This model is called an artificial neuron, a perceptron, or simply a unit in neural network literature. We know it as the softmax classifier.

When a number of these units are connected in layers, we get a multilayer perceptron. When counting layers, we ignore the input layer. So the softmax classifier can be considered a one layer neural network. Here is a neural network picture and the corresponding matrix picture for a two layer model:

_images/neural_net.jpeg _images/mlp2.jpg

Here is a neural network picture and the corresponding matrix picture for a three layer model:

_images/neural_net2.jpeg _images/mlp3.jpg

We can use the following elementwise notation for the neural network picture (e.g. similar to the one used in UFLDL):

\[x_i^{(l)} = f(b_i^{(l)} + \sum_j w_{ij}^{(l)} x_j^{(l-1)})\]

Here \(x_i^{(l)}\) refers to the activation of the \(i\) th unit in \(l\) th layer. We are counting the input as the 0’th layer. \(f\) is the activation function, \(b_i^{(l)}\) is the bias term. \(w_{ij}^{(l)}\) is the weight connecting unit \(j\) from layer \(l-1\) to unit \(i\) from layer \(l\).

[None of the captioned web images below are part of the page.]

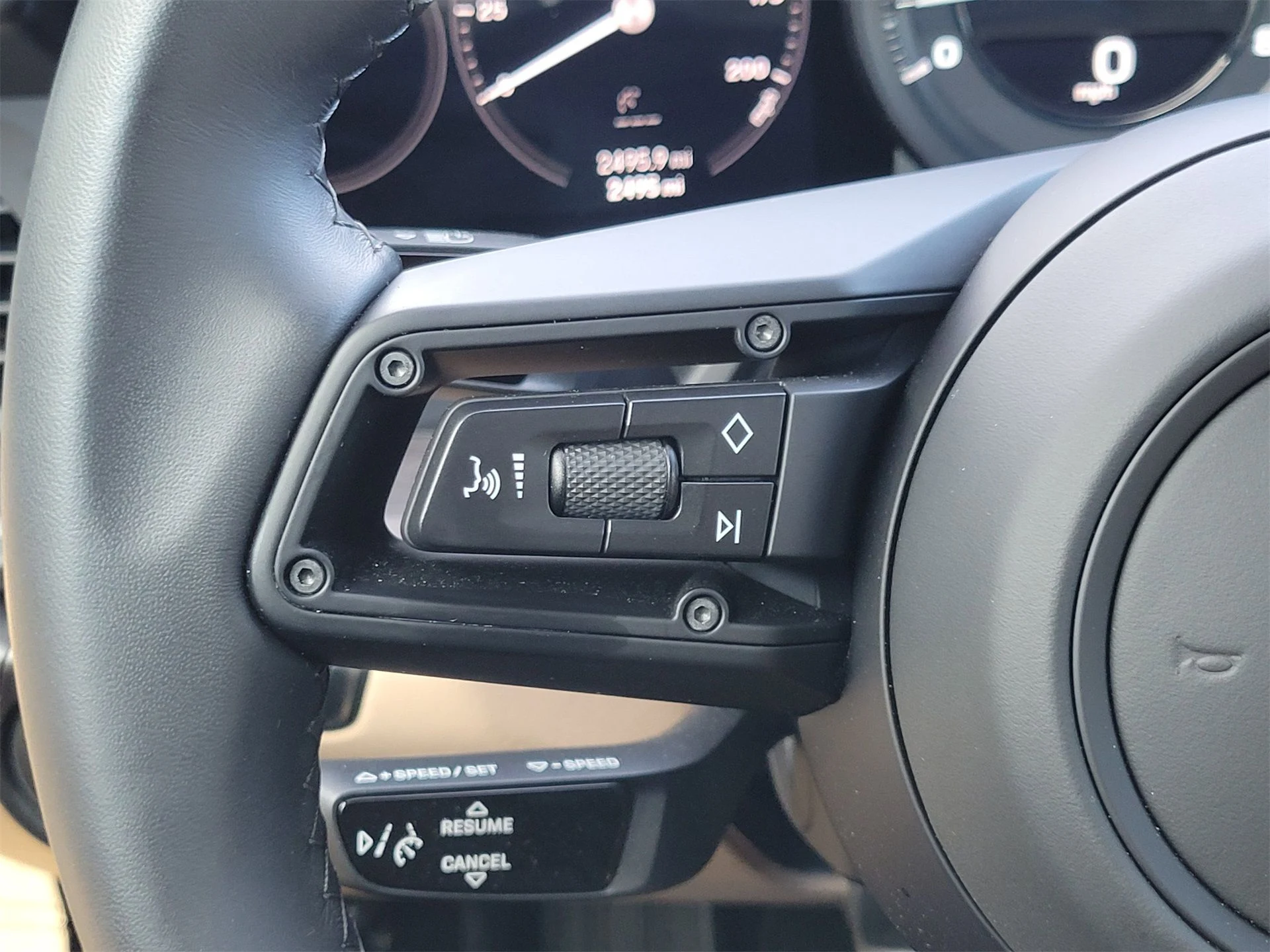 mph012_66524928_1ce0e19bb8ea976d2827885c070927a5_33056423fa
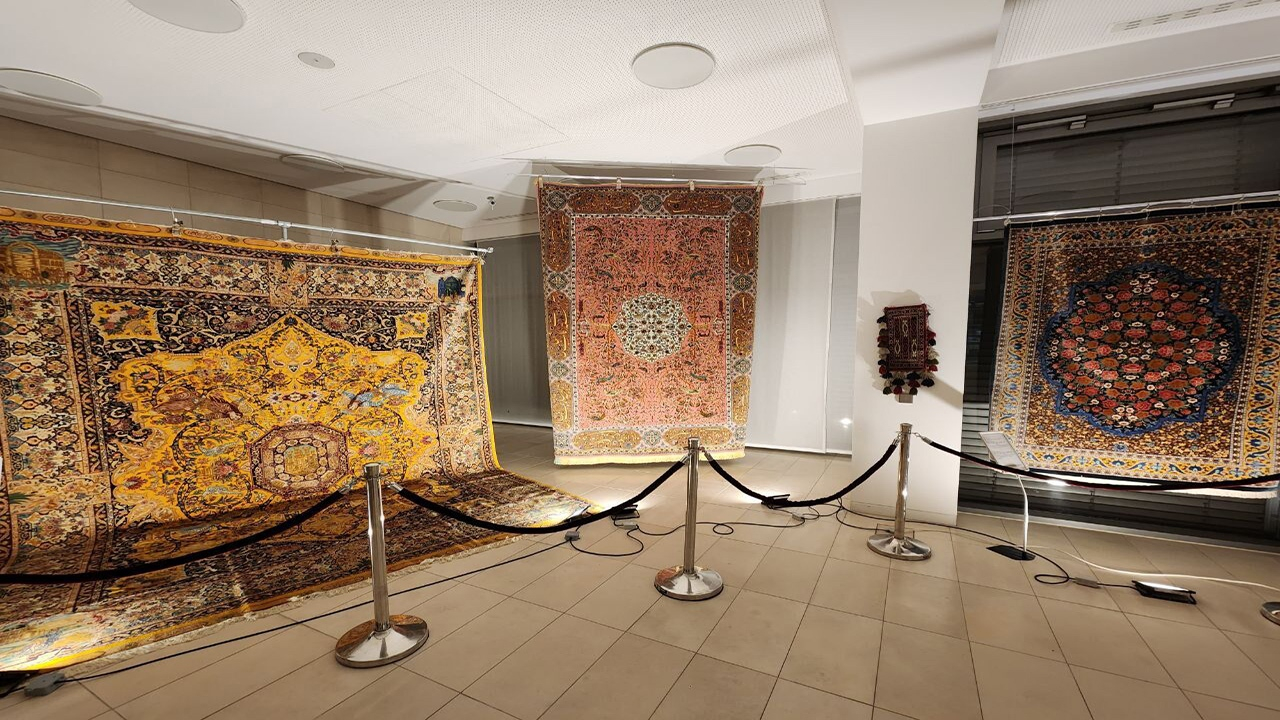 روز «هنر فرش ایرانی» در سفارت ایران در برلین برگزار شد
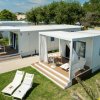 Bungalow moderni in un giardino.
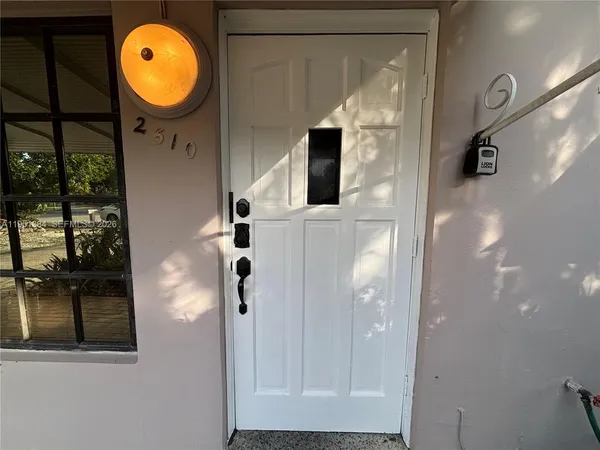 $2,800 | 2510 Northeast 9th Terrace, Pompano Beach, FL 33064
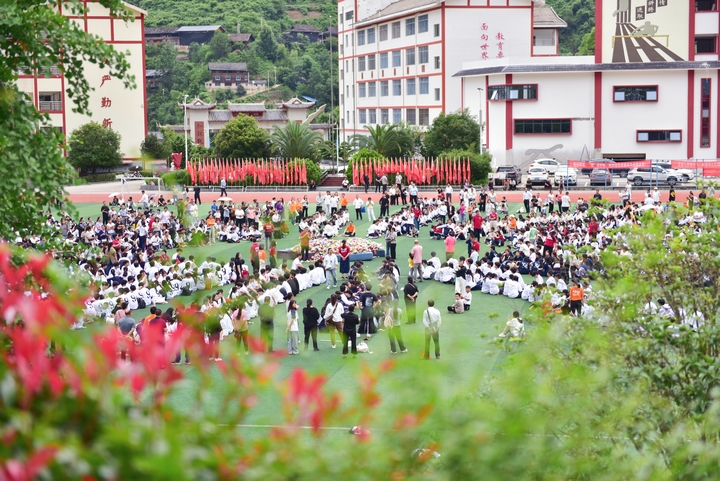 劍河民族中學高考前減壓活動“零食大作戰”活動現場。姜澤光攝 攝 (6).jpg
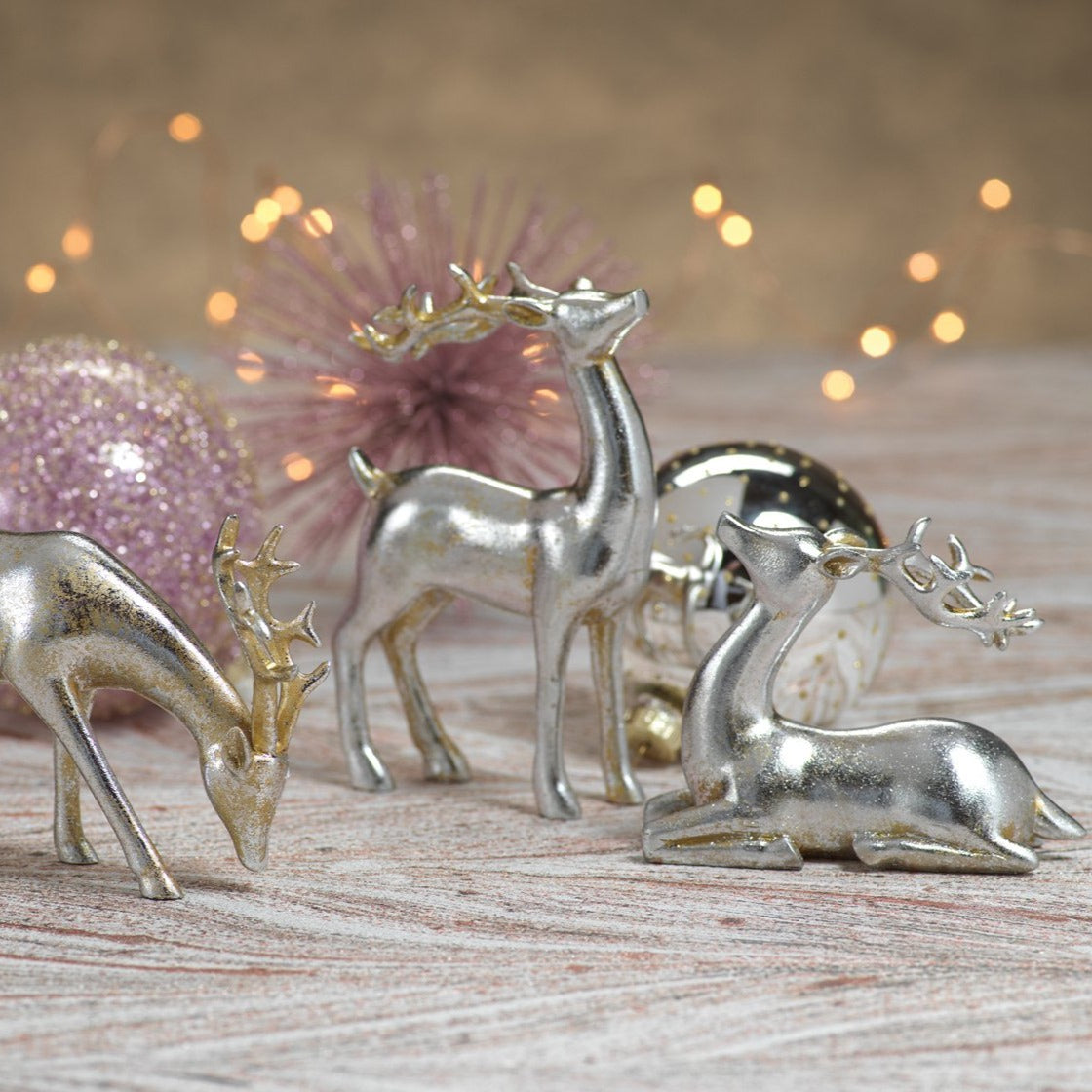 Decorative Silver Reindeer in Assorted Sizes - Set of 3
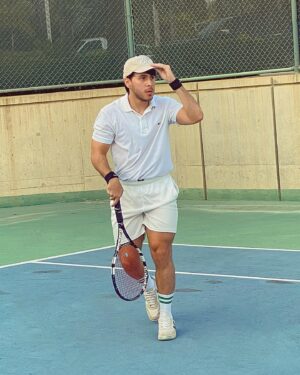 Giulio Mottola Instagram - La mente se entrena y, también, se despeja de diferentes maneras. ¿Quién quiere jugar la semana que viene? 🎾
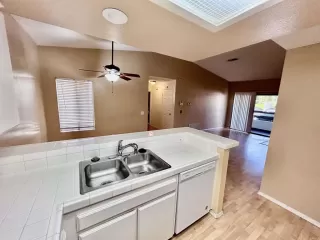 Photo #4: NDP2400146 Listing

The corresponding matrix notation is:

\[x^{(l)} = f(W^{(l)} x^{(l-1)} + b^{(l)})\]

Programming Example

In this section we introduce several Knet features that make it easier to define complex models. As our working example, we will go through several attempts to define a 3-layer MLP. Here is our first attempt:

function mlp3a(w, x0)
    x1 = relu(w[1] * x0 .+ w[2])
    x2 = relu(w[3] * x1 .+ w[4])
    return w[5] * x2 .+ w[6]

We can identify bad software engineering practices in this definition in that it contains a lot of repetition.

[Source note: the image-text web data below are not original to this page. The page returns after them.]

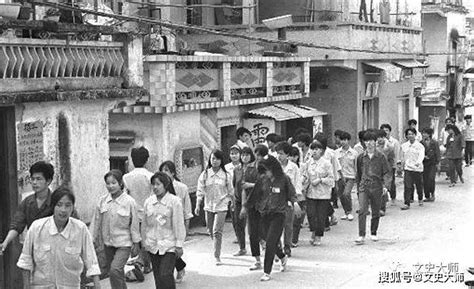 去广州打工的图片,广东打工的心酸图片,2000年的深圳打工图片_大山谷图库
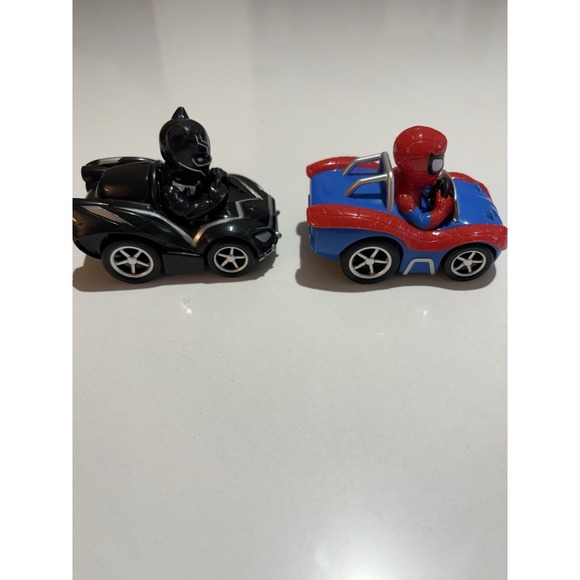 Marvel Super Hero Vehicles Spiderman & Black Panther Racer Cars Toy Figures - Picture 7 of 9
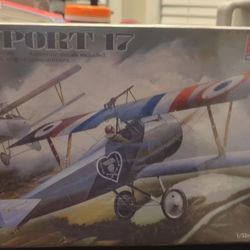 NEUPORT 17 Model Kit 1/32nd Scale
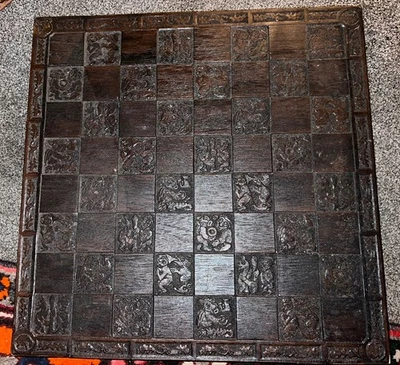 Tabuleiro de xadrez antigo vintage esculpido em madeira maciça - Imagem 1 de 4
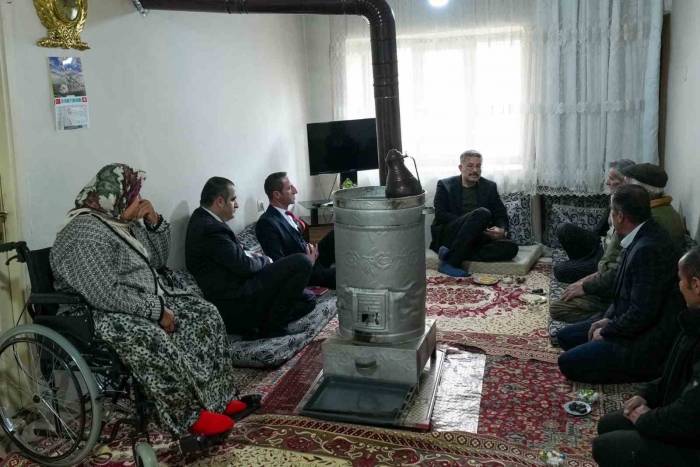 Vali Çelik, Şehit Ailelerini Ziyaret Etti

The key to controlling complexity in computer languages is abstraction. Abstraction is the ability to name compound structures built from primitive parts, so they too can be used as primitives.

Defining new operators

We could make the definition of mlp3 more compact by defining separate functions for its layers:

function mlp3b(w, x0)
    x1 = relu_layer1(w, x0)
    x2 = relu_layer2(w, x1)
    return pred_layer3(w, x2)

function relu_layer1(w, x)
    return relu(w[1] * x .+ w[2])

function relu_layer2(w, x)
    return relu(w[3] * x .+ w[4])

function pred_layer3(x)
    return w[5] * x .+ w[6]

This may make the definition of mlp3b a bit more readable. But it does not reduce the overall length of the program. The helper functions like relu_layer1 and relu_layer2 are too similar except for the weights they use and can be reduced to a single function.

Increasing the number of layers

We can define a more general mlp model of arbitrary length. With weights of length 2n, the following model will have n layers, n-1 layers having the relu non-linearity:

function mlp_nlayer(w,x)
    for i=1:2:length(w)-2
        x = relu(w[i] * x .+ w[i+1]))
    return w[end-1] * x .+ w[end]

In this example stacking the layers in a loop saved us only two lines, but the difference can be more significant in deeper models.